Civil Unions for gays and lesbians is not freedom, it is toleration;
marriage is equality and therefore freedom. Civil Unions for gays is a
concession; it is not civil liberties. (Myers and Scanzoni, 2005, p119.)
This is what every New Jersey legislator needs to tell the religious conservative
of his or her district. It needs to be said simply because this principle
comes right from the very religious heritage that the Religious Right
wants to uphold and maintain which, therefore, puts them on the horns
of a dilemma: They can't deny homosexuals their civil liberties by denying
them marriage and at the same time uphold their religious heritage. Not
if they stand squarely with the esteemed, banished Roger Williams.
Since the Magistrates of the Bay Colony of Massachusetts were legally,
once and for all, solemnly married to the Evangelicals of their day, Roger
Williams, by Court order (1635), had to take his dissenting beliefs and
forever remove himself from the colony. Lucky for us. His banishment gave
the world religious freedom (Gaustad, 1991, p212). Did you know that the
Magistrates of the Bay Colony and Rev. John Cotton, the Evangelical Boston
preacher of his day, condemned Williams' ideas of liberty as direct from
the devil himself (Fish, 1983, pp 57-59)? They said his ideas were a threat
to the very foundation of the settlement and prosperity of the Bay Colony
(Gaustad, 1991, p27).

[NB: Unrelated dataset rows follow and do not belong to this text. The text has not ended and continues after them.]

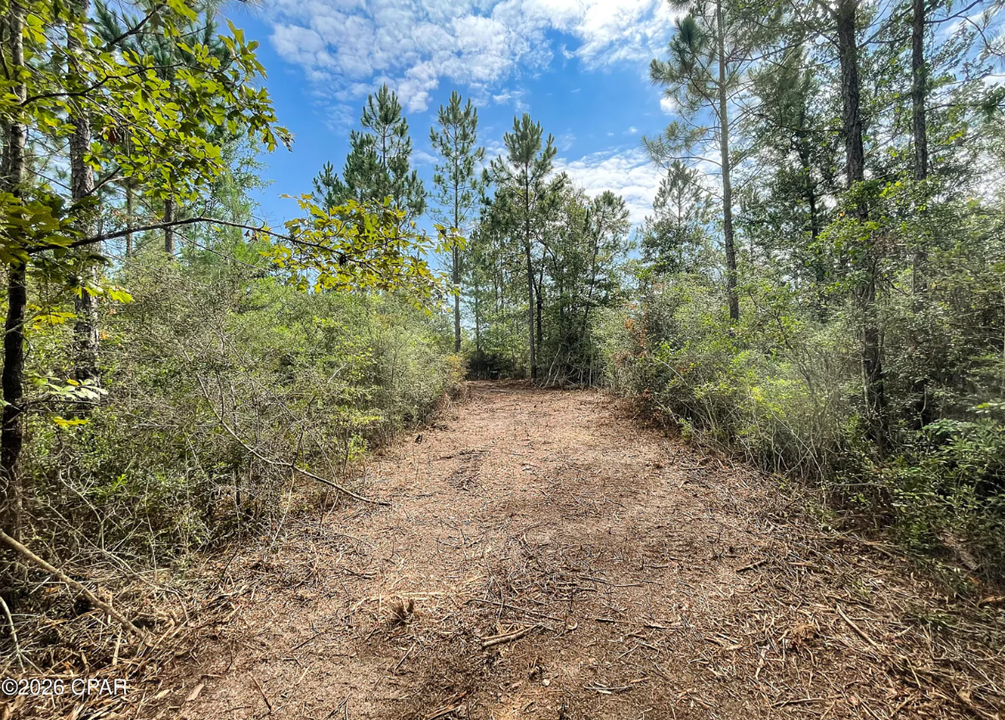 10.10 acre Washington County FL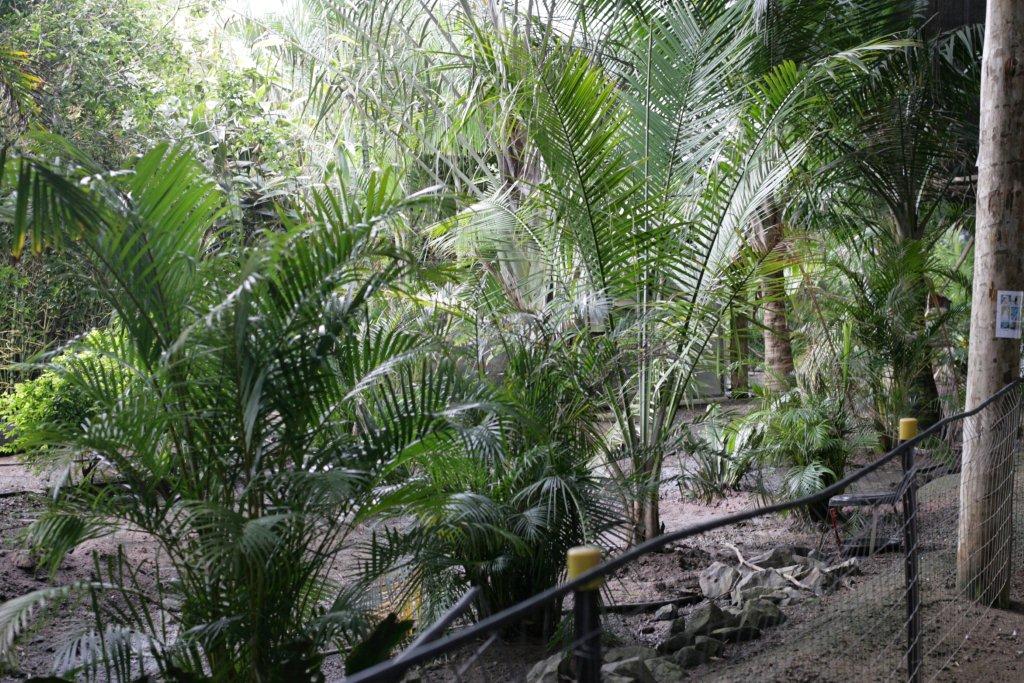 Flying High Bird Sanctuary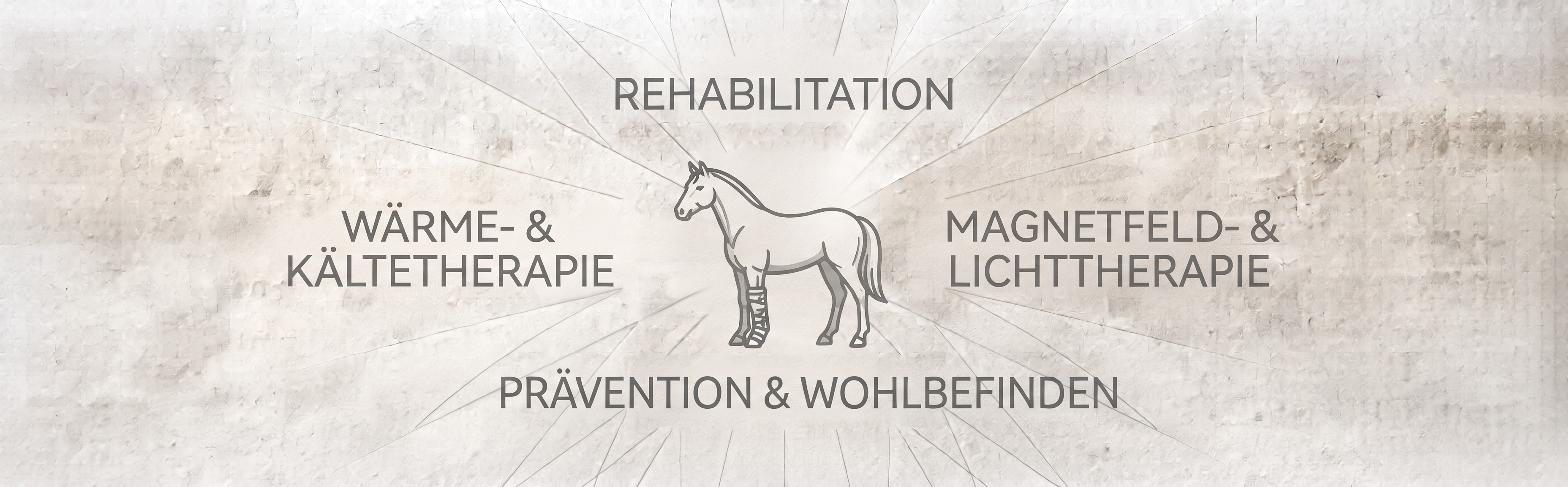 Therapie & Regeneration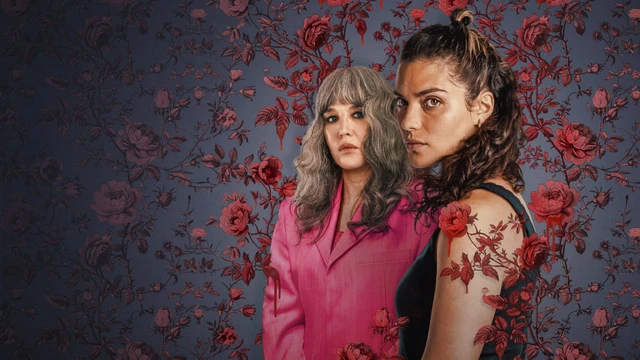 Soleil Noir la recensione faide e segreti di famiglia nelle campagne della Provenza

How ironic. Evangelicals are saying the same thing
today of homosexuals (White, 2006) with the same intent of banishment
- not from a state, but from an institution - the institution of marriage.
There's a wedding coming in New Jersey and all of America is invited.
Only we don't know yet who's getting married. Either the church to the
state or same-sex couples to one another (as it should be). Let's hope
Trenton chooses liberty over toleration and gay marriage over Evangelical
sectarianism. And there is hope! After all, Massachusetts, the onetime
colony of civil Magistrates who enforced ecclesiastical laws, wasn't about
to make that mistake again when it came to same-sex marriage in the 21st
century. Yes, marriage bells are ringing in the good old Bay Colony for
gay couples. Why? Because there was, some time ago, a much needed divorce
in Massachusetts. The marriage just wasn't working . . . so the state
divorced the church. That's right; the state-church marriage was dissolved
in 1833. Just as it should be. Ask Roger Williams, the great defender
of individual liberties for everyone. He's no longer banished from Massachusetts.